There is usually heated discussion about exactly how many peaks above 14,000 feet Colorado has. But evaluating the peaks with a topographic standard rather than emotion yields 53 that have at least 300 feet of topographic prominence, which is how high the peak rises above its surroundings.
This excludes local peaks North Maroon Peak and Conundrum Peak in the Elk Mountains. North Maroon is often considered an “official” fourteener thanks in part to its iconic stature and the fact that the traverse over to Maroon Peak is Class 5 difficulty, which is technical rock climbing. Conundrum is a sub-summit of Castle Peak with 200 feet of topographic prominence.
There are three more peaks over 14,000 feet tall that are described on the website 14ers.com but are not ranked as fourteeners. One is Mount Cameron, a sub-summit of Mount Lincoln in the Mosquito Range. Peak baggers can summit Lincoln, Bross, Democrat and Cameron in a day.
The last two are in the San Juan Mountains. El Diente is a sub-summit 3/4 miles from Mount Wilson with 239 feet topographic prominence. The traverse between the two peaks is Class 4 — which means handholds and footholds are required for upward or downward progress. The difficulty of the traverse qualifies Diente as a fourteener in its own right to some, according to Wikipedia.
The other is North Eolus, a sub-summit just 44 feet lower than Mount Eolus with 179 feet of topographic prominence.
Anyone interested in tackling their first (or final) fourteener can get a wealth of information from 14ers.com.
The site has topo maps with routes marked; routes described with distance, elevation gain, difficulty and risk ratings, and photos; trailhead information; and user-generated reports on trail conditions.
Sean Van Horn recently completed Nolan’s 14, 14 fourteeners over 92.8 miles with 43,225 feet of climbing in 45 hours, 57 minutes. He has some advice for those planning to hike their first fourteener.

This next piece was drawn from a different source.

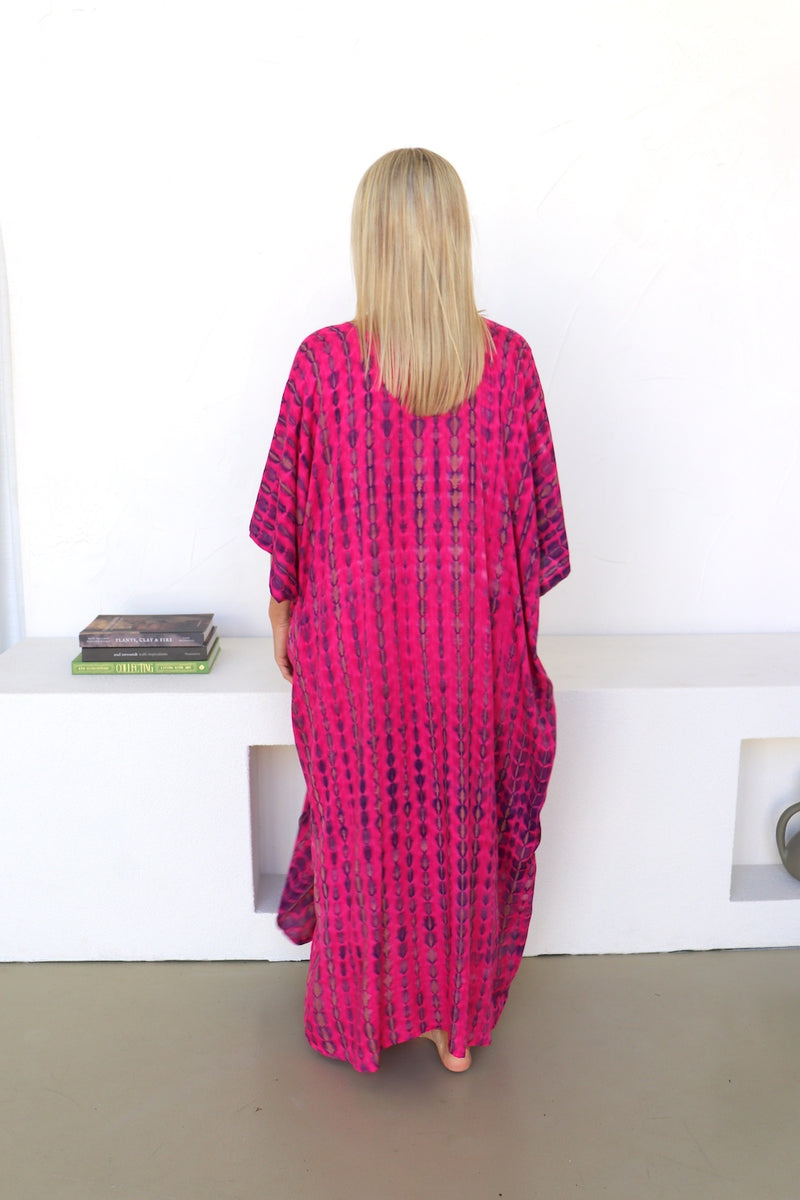 Long Kaftan In Hot Pink Tie Dye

“Start early to avoid thunderstorms, but look at the weather, don’t just say, ‘I’ll start early and I’ll be fine no matter what.’ Storms can come in at 9 a.m. … Look at the Doppler [radar] as well to get as specific as you can, and be prepared to bail if storms come in,” he said.

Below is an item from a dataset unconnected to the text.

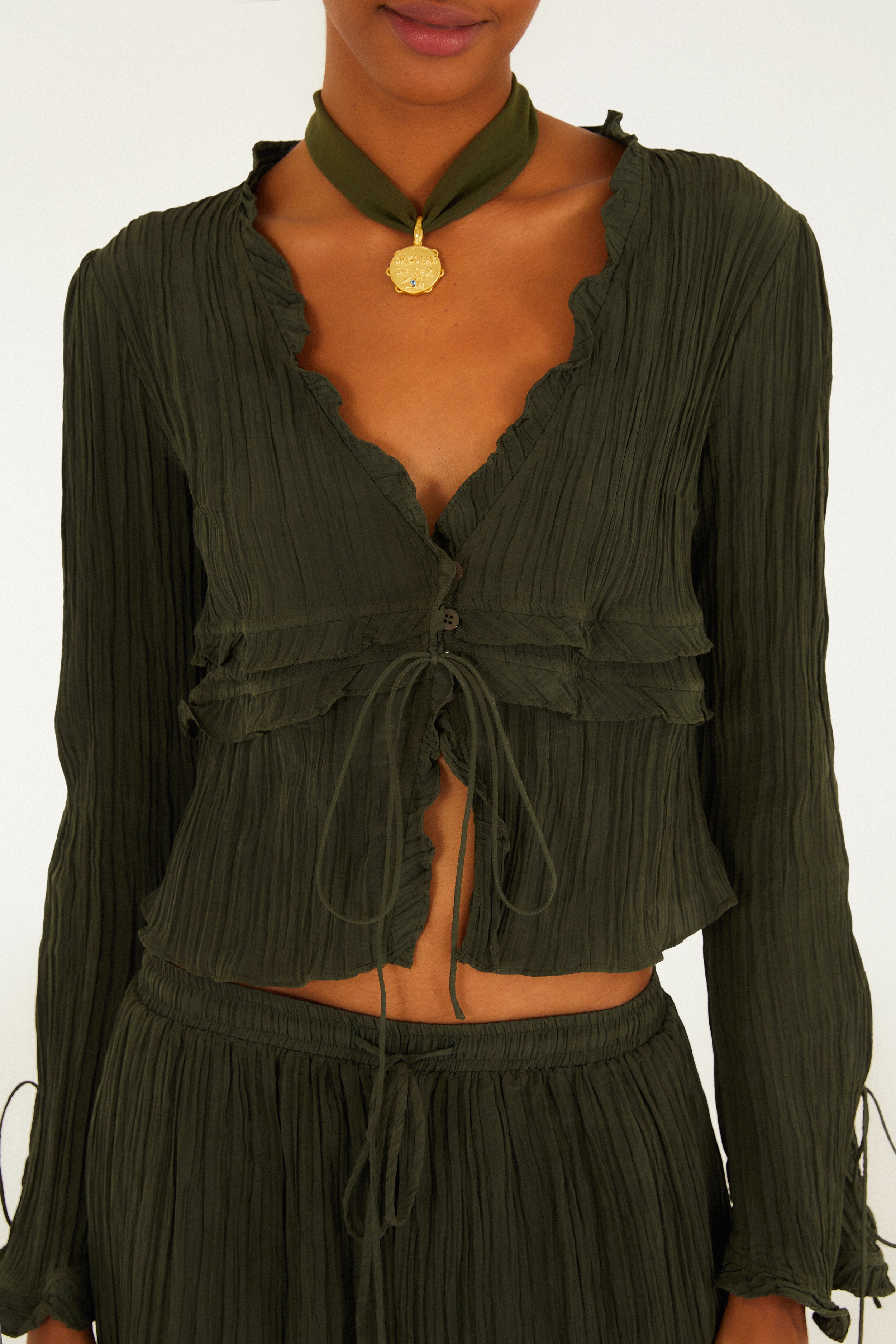Blusa Mangas Amarração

The manager of Independence Run and Hike, Van Horn also stressed the importance of proper footwear.
“Invest in some good shoes that have some good traction and support so that you’ll have a better, more comfortable, safer time out there,” he said.
And be sure to pack extra clothes for changing conditions and storms.
“Bring some clothes. It can be 80 degrees down at the trailhead and with wind chill it can be 30 degrees up on top,” he said.
Proper nutrition and hydration is very important.
“Take care of yourself; make sure you’re eating food and drinking and using some electrolytes with your water. Don’t just drink gallons of water without any salt, that can mess with your body as well,” he said.
And start with one of the easier routes.
“Start with some that are a little more straightforward, easy routes like heading up Elbert or Shavano, that are close to where we are. There are some easier ones on the Front Range like Gray’s and Torreys,” he said.